Your task:
A full, exact copy of the listing is needed, with images omitted.

Given information:
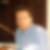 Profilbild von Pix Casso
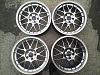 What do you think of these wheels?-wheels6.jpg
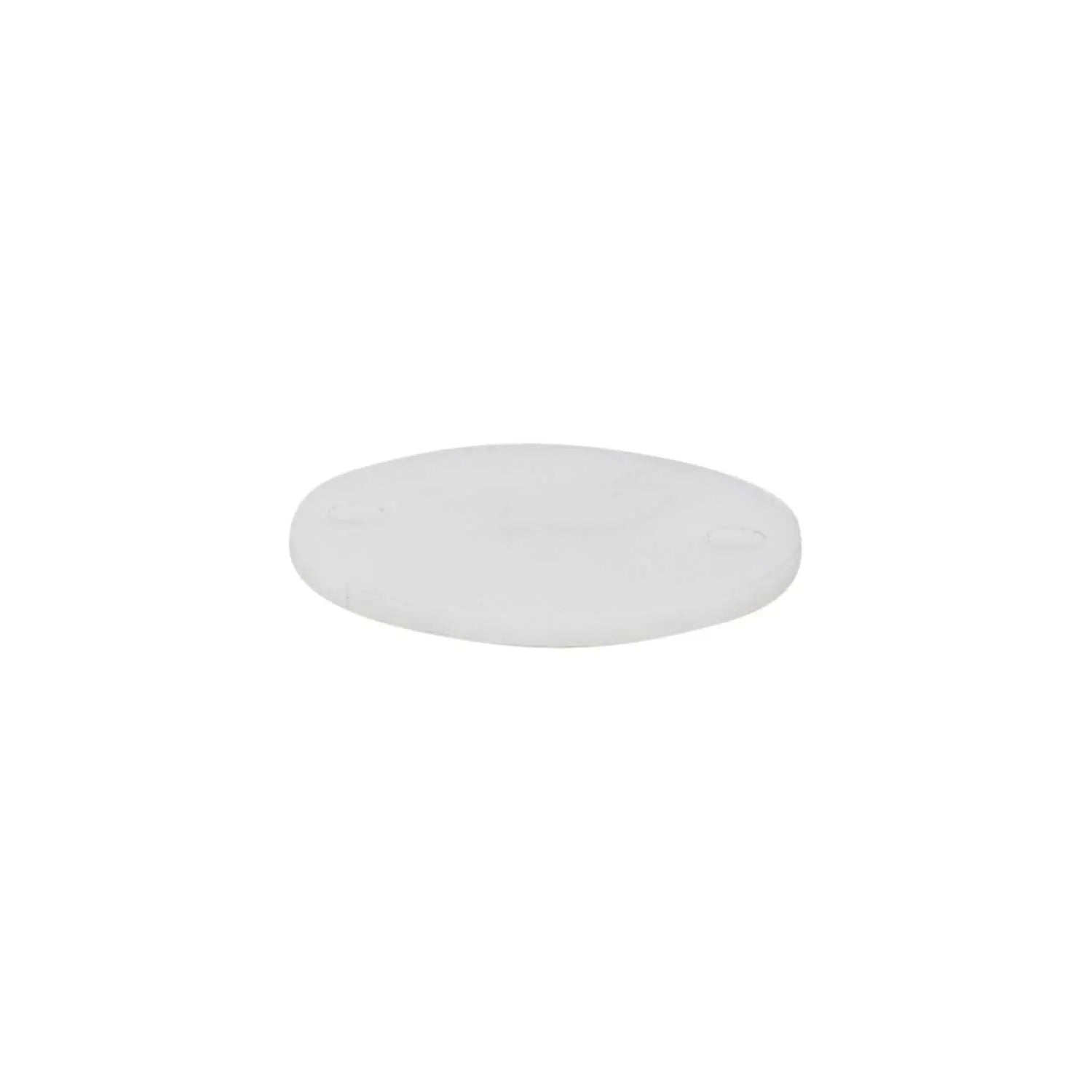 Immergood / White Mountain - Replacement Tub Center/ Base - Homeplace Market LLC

Output:
 Profilbild von Pix Casso
 What do you think of these wheels?-wheels6.jpg
 Immergood / White Mountain - Replacement Tub Center/ Base - Homeplace Market LLC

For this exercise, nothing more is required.